Em sua entrevista, Genival Guajajara nos fala sobre as suas duas grandes paixões: a caça e a pesca. Em seu relato, diz como aprendeu a embrenhar o mato com os mais velhos, relata sua primeira empreitada na mata completamente só e da felicidade em retornar com carne para casa. Em seguida, seu Nezinho, como é mais conhecido, narra sobre como escapou da picada de uma jararaca, usando os conhecimentos adquiridos sobre as plantas da região. Também diz sobre as mudanças ambientais, de como alguns animais desapareceram e de como os peixes sumiram. Por fim, nos conta um pouquinho sobre suas experiências sobrenaturais, com entidades como a Mãe D'água e com curadores que conheceu na sua infância, onde nos relata um ritual de cura testemunhado por ele. Para Genival, muita coisa mudou, algumas pra pior, como a degradação da fauna e da flora, outras melhoraram, como a qualidade de vida da sua comunidade, com energia elétrica e maior acesso a serviços de saúde.

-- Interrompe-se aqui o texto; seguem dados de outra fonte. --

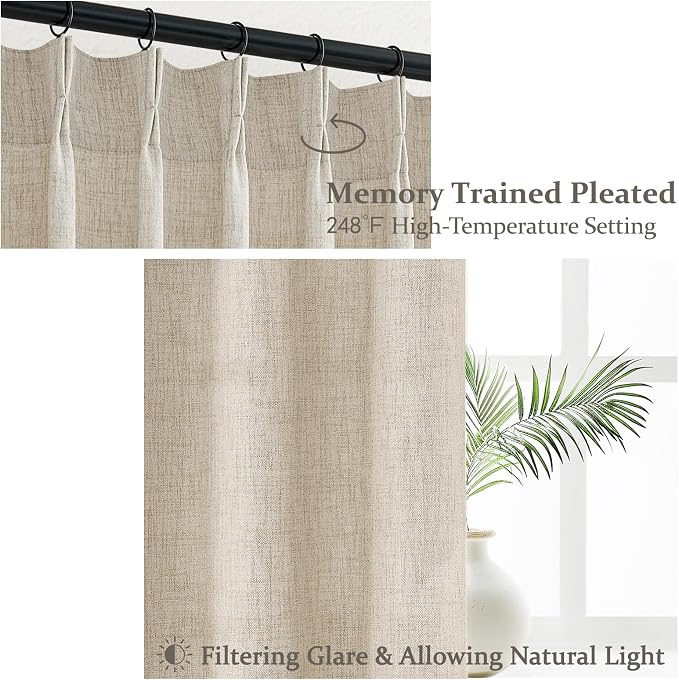 PleatedDrapes Natural Extra Wide 70 x 96 Inch Privacy Curtains That Let Light in - Image 3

Eu mesmo gostei de caçar e pescar, sempre eu gostei, até agora eu já tô com toda essa idade , mas eu sempre gostei. A primeira caçada eu assim...não tinha muita experiência pra caçada, mas eu era invocado assim com caçada sabe? Eu tinha uns treze pra catorze anos, era rapaizinho, aí eu aqui pra dentro, que aqui tinha muita fruta nesse tempo, muita flor de pau que a caça gosta. A flor da arvore tem água, aí o período do verão, outubro pra novembro, é o tempo que bota ela, é o tempo que a caça sente sede né, tá tudo seco e elas frequentam demais.
Eu com medo de onça e essas coisa, eu sozinho, fiz um trepeiro foi alto assim, o cara amarra umas vara nos pau, fiquei foi lá encima armei a rede e fiquei lá. Deu umas hora eu ouvi bicho pisar eu disse: agora é a onça que vai vindo. Aí vi uma paquinha desse tamainho, desci e fui atrás, mas não vim embora de noite não, eu com medo né, deixei pro dia amanhecer dormi e uma muriçoca danada. De manhã cedo eu vim me embora, fiquei alegre demais. Aí dai pra frente eu comecei agora eu vou caçar direto.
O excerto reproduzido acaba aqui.